Immerhin wirkt Beuys angemessen verwirrt, tastet sich wackelig durch die Galerie von René Block hinter das Gitter, das den kleinen Raum zerteilt. Den Krummstab fest in der Hand bietet er dem dort verstört herumschnüffelnden Kojoten ein paar Bissen an. Vier Tage lang werden sie sich anfreunden - der Europäer und der amerikanische Wolf, der für die Indianer ein mythisches Tier ist.

Man sollte meinen, dass so ein alter, pathostriefender Auftritt heute nicht mehr so richtig gut aussehen kann. So viele weiße Männer, das gestresste Tier. Dazu der Verweis auf die Indigenen, mit denen sich Beuys ungefragt verbünden will. Da kommt einiges zusammen. Doch irgendwie geht das alles überraschend auf. Weil der Künstler am Flughafen genauso verloren wirkt wie jeder Tourist. Der in seine Decke gerollte Mann mehr an eine Staudenpflanze erinnert, denn an einen Schamanen. Die Reise, auf der Beuys New York einfach ausblendet, scheint dafür schon viel von der Skepsis zu formulieren, mit der man im Jahr 2021 auf globale Kunst-Unternehmen schaut, auf Kulturaustausch, Gipfelbegegnungen und - auch das - autoritär auftretende Männer.

Die Ausstellung "Jeder Mensch ist ein Künstler. Kosmopolitische Übungen mit Joseph Beuys" in der Kunstsammlung ist eine der ersten Ausstellungen in diesem Frühjahr zum Wirken von Joseph Beuys. Am 12. Mai in Krefeld geboren hätte er in diesem Jahr seinen hundertsten Geburtstag gefeiert. Und einen zeitgenössischeren Auftakt hätte man sich kaum wünschen können in Düsseldorf, das so lange der Nukleus dieses Werks war, wo Joseph Beuys an der Akademie studierte, lebte, lehrte und arbeitete. Die Ausstellung zeigt ausschließlich Filme, Dokumentationen, Fotografien und Textfragmente des Künstlers, die sie mit Werken einer jüngeren, politischen Generation von aktuellen Künstlern wie Pope L, Phyllida Barlow oder Goshka Macuga zusammenbringt - aber auch mit Aufnahmen von Edward Snowden oder Greta Thunberg. Weil es diesem Künstler, so heißt es im Katalog, noch bevor er ansetzte, die Kunst zu verändern, um eine Erneuerung der Gesellschaft ging.

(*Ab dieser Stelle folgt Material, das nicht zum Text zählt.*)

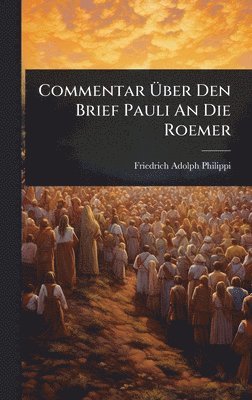 bokomslag Commentar Ã¿ber Den Brief Pauli An Die Roemer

Mit zutiefst politischen Performances legte Beuys wie nebenbei auch formal die Grundlage für die zeitgenössische aktivistische Kunst, die heute Konjunktur hat auf Biennalen oder Documenta-Ausstellungen. Beuys, das wird vor allem in der Rückschau unzweifelhaft, war der erste Künstler überhaupt, dem die Gesellschaft mehr war als Publikum, Einzelschicksal, Adressat. Er legte - dem Gedanken der sozialen Plastik folgend - Hand an die Verhältnisse. Indem er eine Stadt wie Kassel "verwalden" ließ mit seiner Aktion der "7000 Eichen" oder sich als Professor an der Akademie weigerte, Studenten abzuweisen. Wobei er nie als Reformer argumentierte, sondern stets als Bildhauer, der mit Materialien arbeitet, mit Aggregatzuständen oder Kräfteverhältnissen.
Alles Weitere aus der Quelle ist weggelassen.